ROBOTS art show opening reception  5 – 7 p.m. Jan. 13, at Frederic C. Hamilton Family Gallery in Children’s Hospital Colorado, 13123 E. 16th Ave. Call 720-777-3413 for more information.

Sure, everybody loves the robots they keep in their pockets 24 hours a day or stare at ceaselessly for eight hours a day, five days a week. These pesky devices allow humans to pay painfully high rents, find the nearest place to find pad thai and contact with anyone across the world at any given time. Oh yeah, they can also access any piece of information recorded in human history, whenever, wherever. Not a bad tradeoff for probably giving us crippling, rectangular tumors on our domes. Here’s a newsflash there are other robots in the world, people. And not all of them are as painfully addictive as the ubiquitous iEverything. It just so happens that there’s an entire gallery full of these off-brand humanoids at a studio space in Children’s hospital Colorado this month. Featuring original robot-themed artworks by local creatives Daniel Sorensen, Corrina Espinosa, Dan “Colfax” Stephenson, and others, the show offers high-quality art in a unique, perhaps unexpected setting.

ONSTAGE


Arabian Nights
7:30 p.m. Jan 8 & 9 (both performances already sold out), The Aurora Fox Arts Center Studio Theater. 9900 E. Colfax Ave. Tickets start at $22. The next performance with tickets still available is Friday Jan. 15 at 7:30 p.m.

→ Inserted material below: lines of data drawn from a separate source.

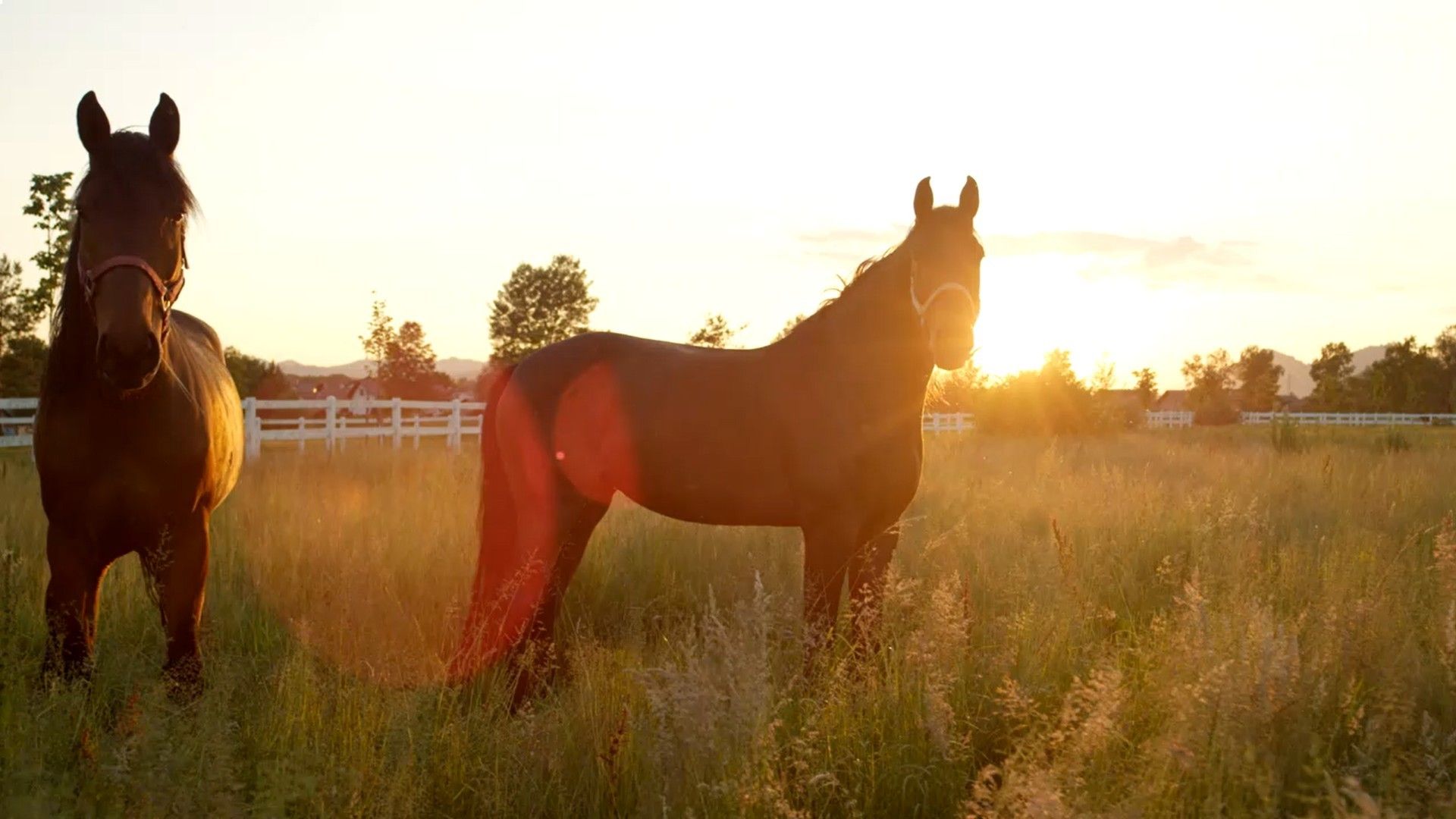 Z2wxuuzm4mhxsm Z2wxuuzm4mhxsm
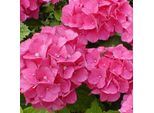 2 X Ortensia - Hydrangea 'Benelux' | 30-40 Cm In Vaso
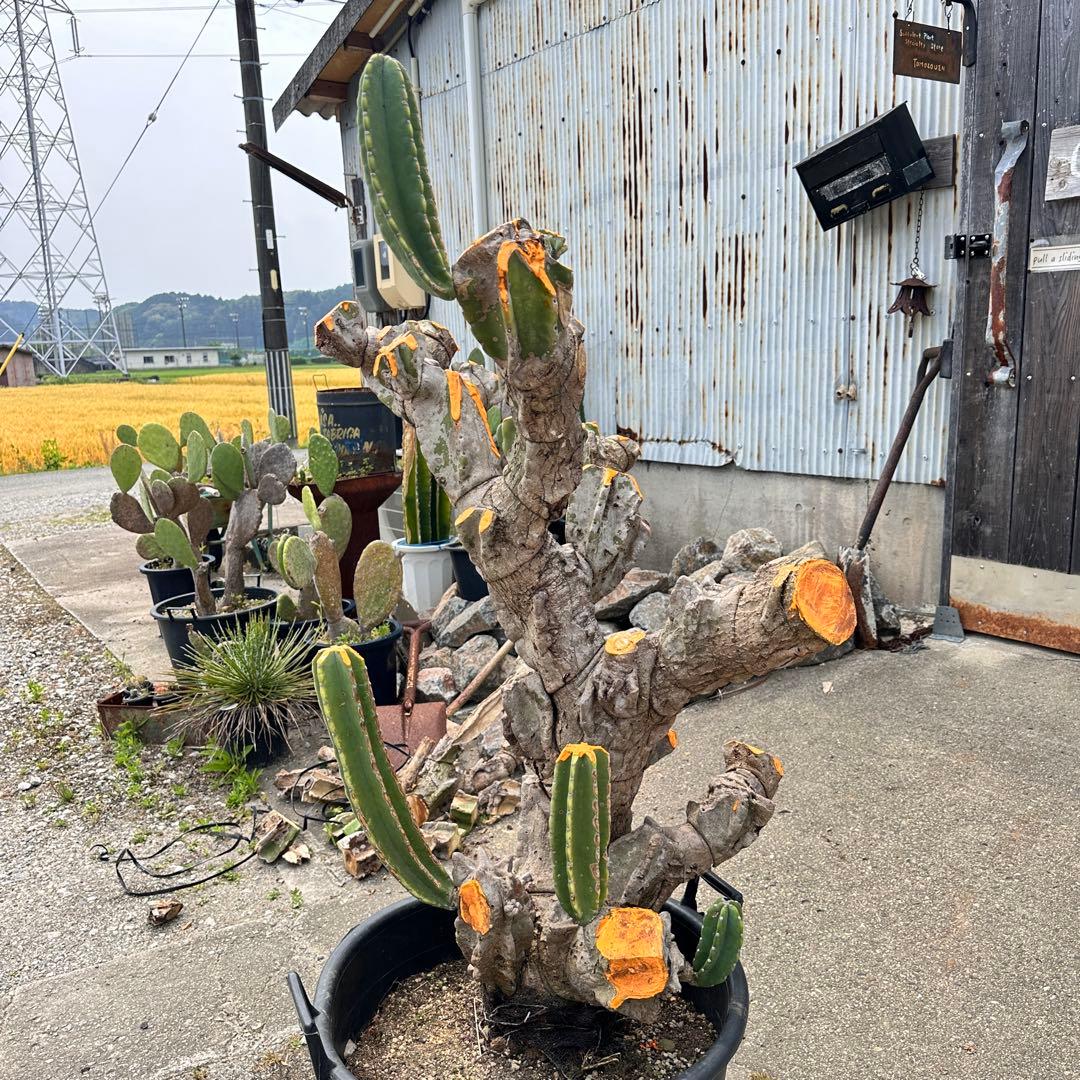 鬼面角 樹齢35年 親木 鹿児島県産柱サボテン【現品】配達します。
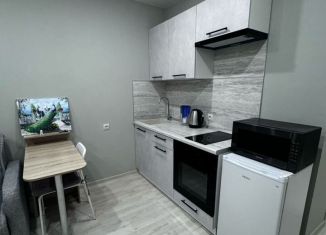 1-комнатная квартира на продажу, 21 м2, Мурино, ЖК Лампо, Графская улица, 6к4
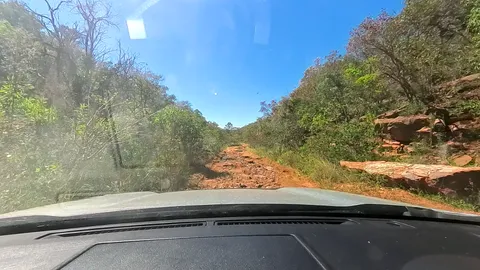 Browns Cutting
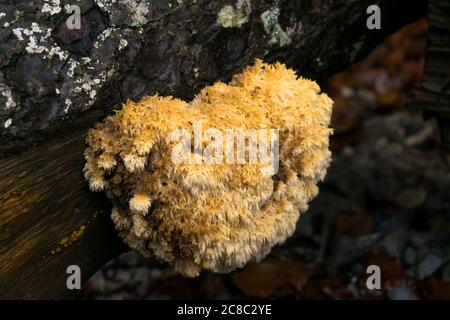 Nahaufnahme Pilz auf gefallenen Baumstamm. Stockfoto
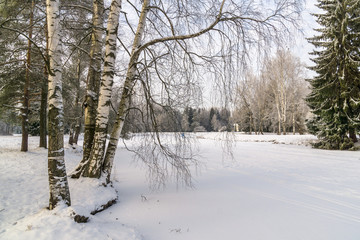 Winter trees in the park
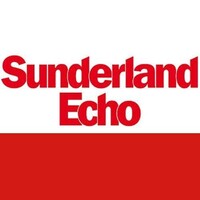 Sunderland Echo logo - Similar company to Ingram Av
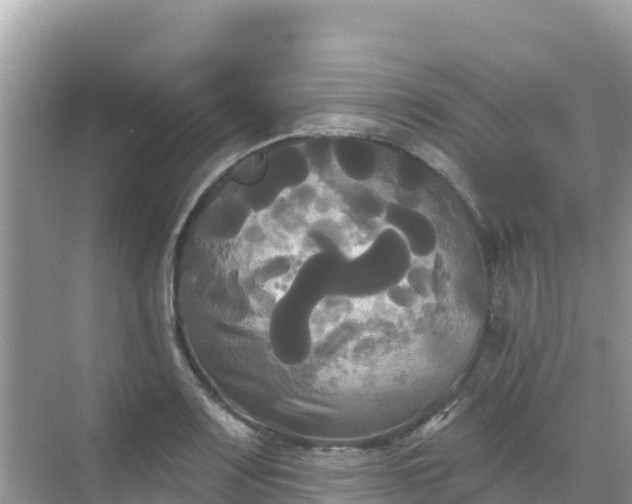 X0000068771083200605051625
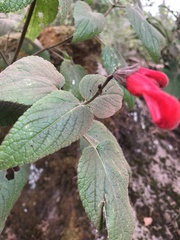 Salvia gesneriiflora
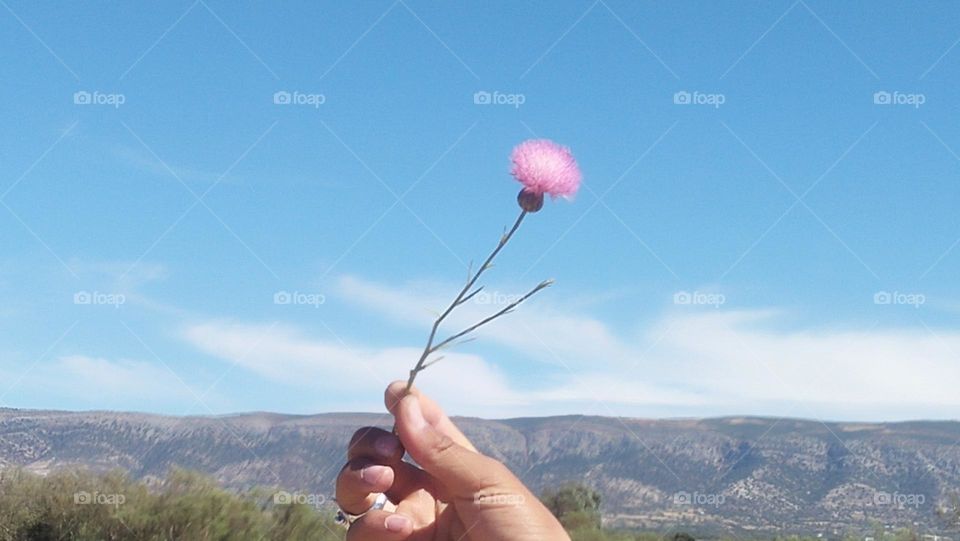 Beautiful Violet flower embraces blue sky.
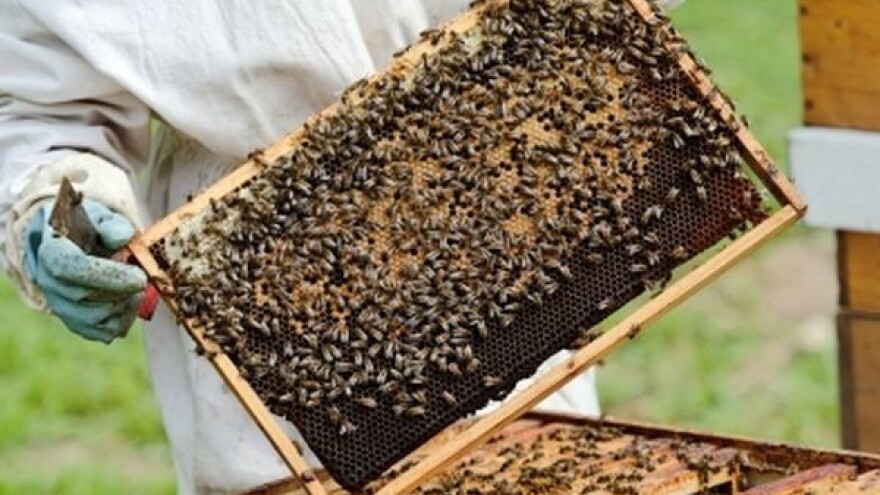 Proizvodnja bagremovog meda pala za 80 posto!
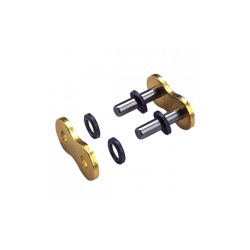 REGINA ATTACHE RIVET 520 EBXL TRIAL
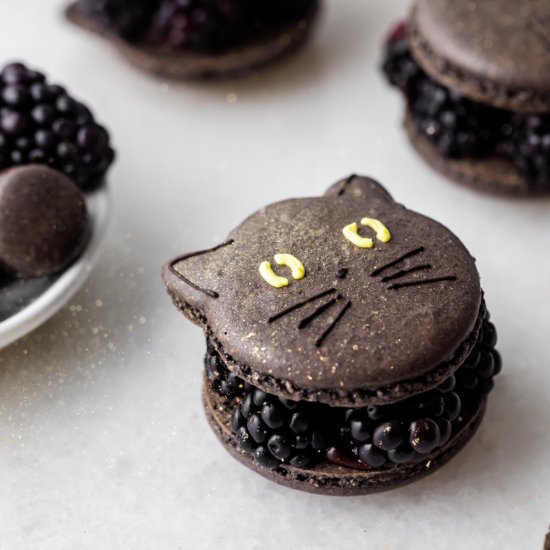 Blackberry Cat Macarons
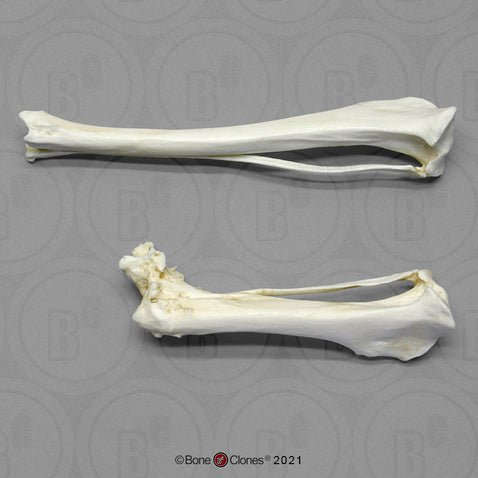 Coyote Tibia-Fibula pair-Comparative Pathology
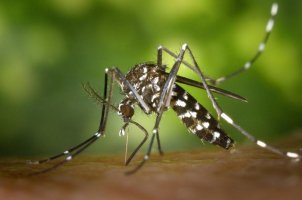 Casos de dengue aumentam em meio à pandemia de Covid-19 em Rolim de Moura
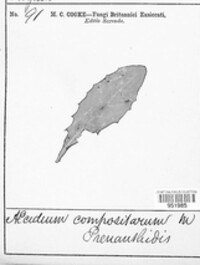Puccinia major image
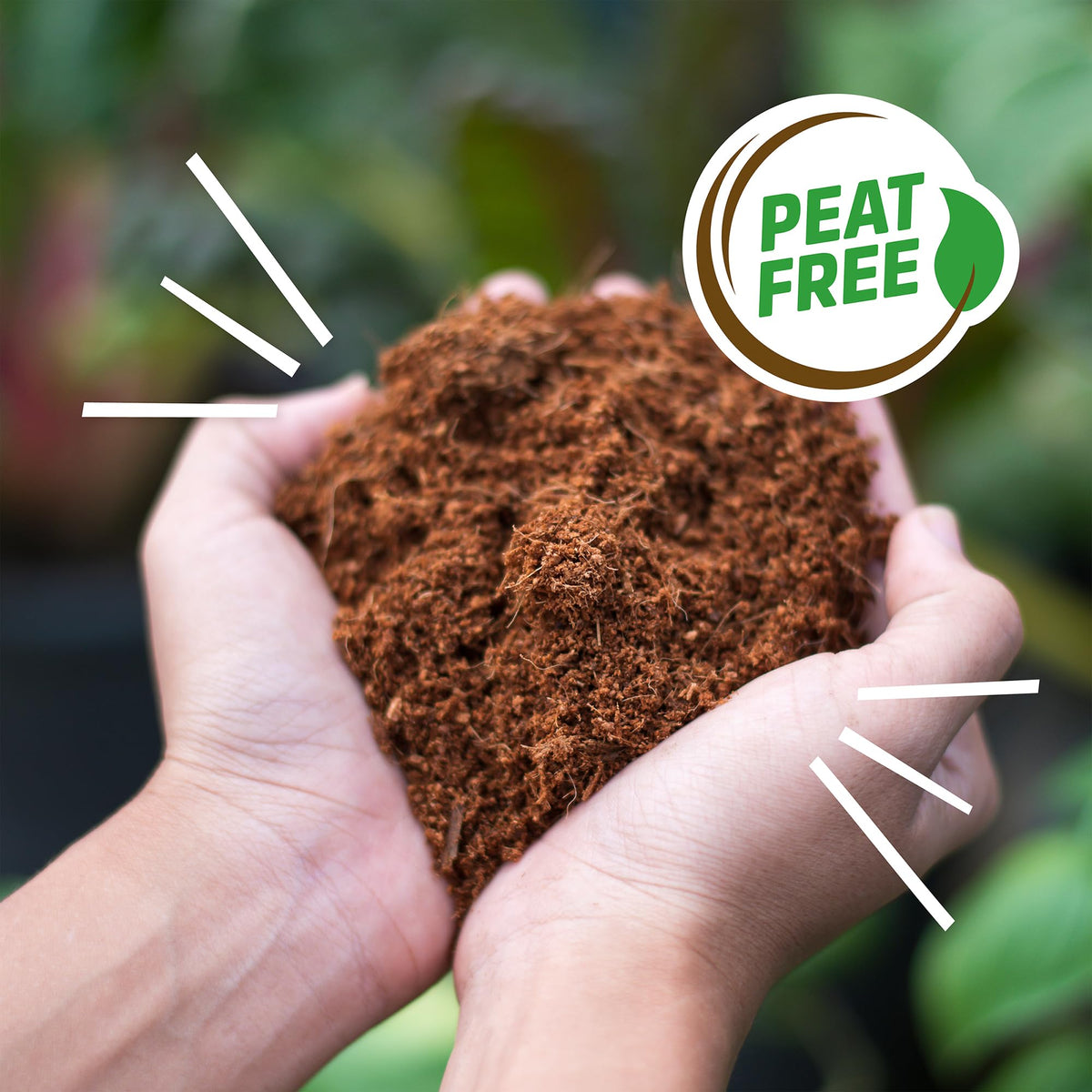 51 Quart Expanding Soil, Great for Seeds and Potting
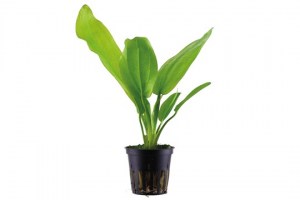 Echinodorus_cordifoliusFluitans3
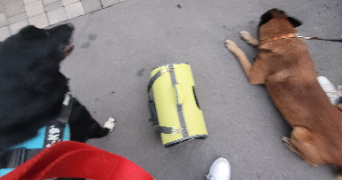 anaïs  pet sitter à VIEIL HESDIN 62770_2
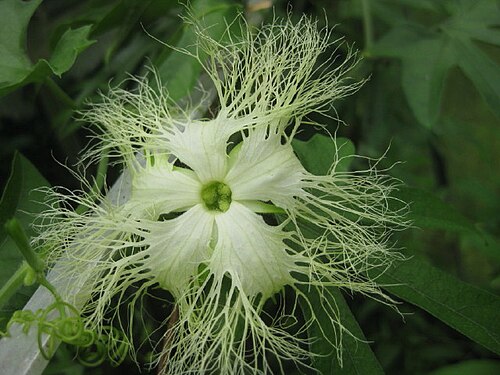 Chinese cucumber: Trichosanthes rosthornii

Looks like you have to know somebody special to get into this one. With the first two performances already sold out, the Aurora Fox Arts Center’s first show of 2016 promises to be a lively retelling of a classic, timeless tale. You know the gist of it: Cunning Scheherezade survives 1,000 nights with murderous King Shahryar by telling him tales so riveting he can’t help but keep her alive in order to hear the next installment of her compelling, winding yarns. Starring Fox favorite Lilli Hokama as Scheherezade and newcomer Abner Genece as Shahryar, “Arabian Nights” at The Fox should be an enchanting take on a bona fide staple.

MUSIC


Dave Preston 6 p.m. Jan. 12, Dry Dock Brewing Company’s South Dock, 15120 E. Hampden Ave. Free. Call 303-400-5606 for more information.

Leaving the house this time of year can be … demanding. Between the biting nip, unshoveled sidewalks, and bumper to bumper traffic, well, everywhere (and, yes, that last one is completely your fault, 100,00 annual transplants, whoever you are) it often makes much more sense to just sit on the ol’ futon and binge Netflix until you bust out of your Spanx. Word on the street is “Making a Murderer” is an enticing carrot-on-a-stick for that exact sentiment. But, good readers, vitamin D, fresh oxygen and human interaction are still important. So get a dose of each of those aforementioned essentials next Tuesday as well as some local suds and tunes at Dry Dock Brewing Company’s South Dock. Resident acoustic crooner Dave Preston will be belting tunes at the brewery’s weekly acoustic showcase and, based on daveprestonmusic.net, he ain’t bad. Offering everything from incendiary blues riffs to acoustic originals, Preston is a versatile musician perfect for livening up a dreary Tuesday. He also has a few videos on his site featuring ambient, electric tracks that sound like they were plucked out of one of the many training and/or race montages in 1998’s “Without Limits.” We see you, Billy Crudup, we see you.